Just like McAlary, Ephron spent the last years of her life quite productively since she directed a film and wrote two plays in that time. In terms of identifying with McAlary and what he was going through, it would be safe to say that Ephron felt that she and her Lucky Guy’s protagonist, McAlary, were kindred spirits.

The power of gumshoe journalism

Another interesting angle Lucky Guy brings to the table is that it highlights the power of traditional journalism. Keep in mind that McAlary’s career really took off and was at its most active during the time around the beginning of the Internet’s commercial popularity. While the Internet has been around since the middle of the Cold War (1960s), it only really hit the commercial mainstream around 1995-1996.

During this time, McAlary’s career was shining brightest and it embodied all the classic elements of investigative journalism-lots of gumshoe action and police sources. In other words, McAlary’s career gives us an inside peak into an era that’s long gone by. Thanks to the rise of alternative media like Huffington Post, and Drudge Report, it is easy to think that journalism was and has always been about tweets and blog networks and social media buzz (source: TWPB).

When viewing the story of McAlary unfold in ‘Lucky Guy’ you can’t help but be transported back to the pre-Twitter days of journalism to see the gritty reality and tension of politics and source privacy that played out behind any big or small breaking news story.

“Lucky Guy” Legacy

Due to the interesting back story behind Lucky Guy’s writing and production, the play didn’t need a lot of help getting pre-opening publicity. Ephron died one year before the play opened. In a sense, Lucky Guy was a powerful homage to Ephron’s ability to flesh out powerful on-stage personalities and Lucky Guy didn’t disappoint.

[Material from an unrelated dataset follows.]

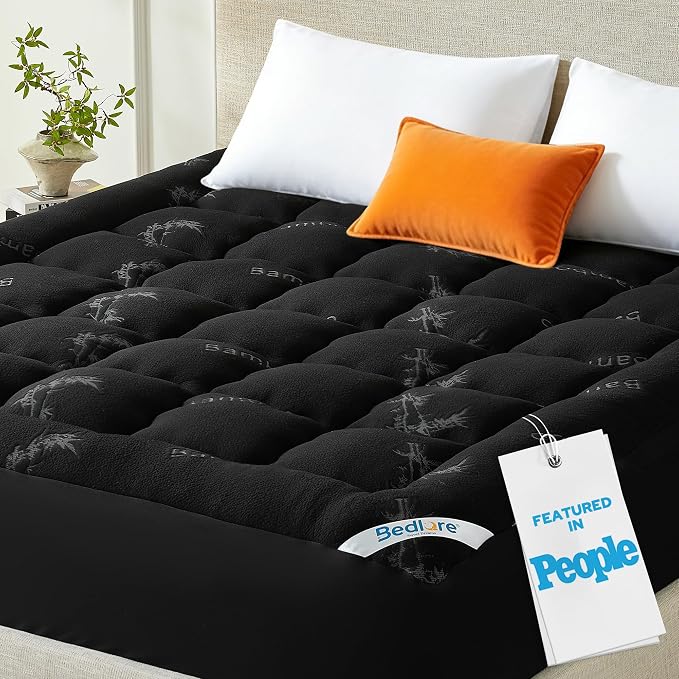 BEDLORE Queen Mattress Topper Viscose Derived from Bamboo, Thick Pillow Top Mattress Pad with Stretchable Pockets for 6-18 inches Mattress, Soft Mattress Topper for Back Pain Relief(Black)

According to many sources (such as Bolt and others), the reason it took quite a long time for Ephron to finally get Lucky Guy going was that she was having a tough time looking for the right lead for the play. In 2011, Hanks showed interest in playing McAlary after Ephron made some changes to the character. Finally, in 2012 Hanks was firmly on board. Sadly, Ephron died shortly after. Still, she laid down enough groundwork for this play that it really couldn’t slow down and had a life of its own.

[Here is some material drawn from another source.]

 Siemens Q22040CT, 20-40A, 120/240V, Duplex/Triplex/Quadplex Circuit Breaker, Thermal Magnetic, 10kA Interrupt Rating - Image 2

After some cast changes and plot changes were approved by Ephron’s widower and rights successor, Lucky Guy finally opened for previews on March 2013 at Broadway’s Broadhurst Theater. It didn’t take a genius to figure out Lucky Guy will be a hit. The play was grossing $1 million in weekly preview sales. This was relatively rare for a play that wasn’t a musical.

By the time it was ready for its official debut a month later, it had $10 million in advanced ticket sales. The play was originally slated to run from April 2013 to June 2013 but was extended another month to July 2013. All told, Lucky Guy racked up total box office revenues of 22,900,000 plus dollars spread out among 104 performances.

After Lucky Guy

Considering Lucky Guy’s Broadway hit and impact, it would not be a surprise if this play gets produced on the West Coast. In such a situation, it would not be a surprise if Tom Hanks, once again, plays the role of McAlary. His rendition of McAlary in Lucky Guy is definitely a performance for the ages. From hopeful enthusiasm, coiled tension, and conflict, Tom Hanks fully fleshes out McAlary’s personality and gives us a much welcome peek into a side of New York journalism that is well in the rear view mirror of history.